How can I make the factorial function as a command, and if this is a duplicate, could you at least tell me why it is a duplicate?

  • 1
    Some shell scripts just run a list of commands. But shell also has many built-in commands of its own, to do arithmetic, make loop constructs, and format text. For factorial 5, you would just want a for loop that contained a multiply operation, and counted up to 5. Jan 27 at 23:42
  • Alright, the thing is, in what type of programming language would I do so? Jan 27 at 23:53
  • what language do you know? Use that - but since you said you want to "make a script", assuming you meant shell script, then that's what language you would use Jan 27 at 23:56
  • Python. That's basically it, although I wouldn't be inconvenienced to learn shell script. Jan 27 at 23:57
  • "Alright, the thing is, in what type of programming language would I do so?" – Any programming language you want.

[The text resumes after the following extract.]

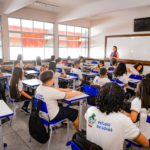 Goiás tem salário inicial de R$ 5.160,49 para professores da rede pública, valor que pode chegar a R$ 7.160,49 com a inclusão de gratificações.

If you know any programming language at all, this should be a one-line problem. Jan 28 at 12:40

1 Answer 1


This is future me:

  • Add a bin directory if you haven't already in your home directory by running mkdir ~/bin [Cited]
  • Afterwards, make a python file that does etc.
  • Then, use cd to go to your bin directory.
  • Then, run export PATH=$PATH":$HOME/bin" (Straight from an answer from cited source)
  • Afterwards, make a file in this format:
python3 [path to python file]
  • Afterward, run chmod +x [bin file name goes here] [Cited]
  • Finally, run . ~/.bash_profile (Again, straight from citation)

Now, you have made a command that will run the python file.

I do have to cite this Linux-Unix stack exchange question, as I got most of the information here.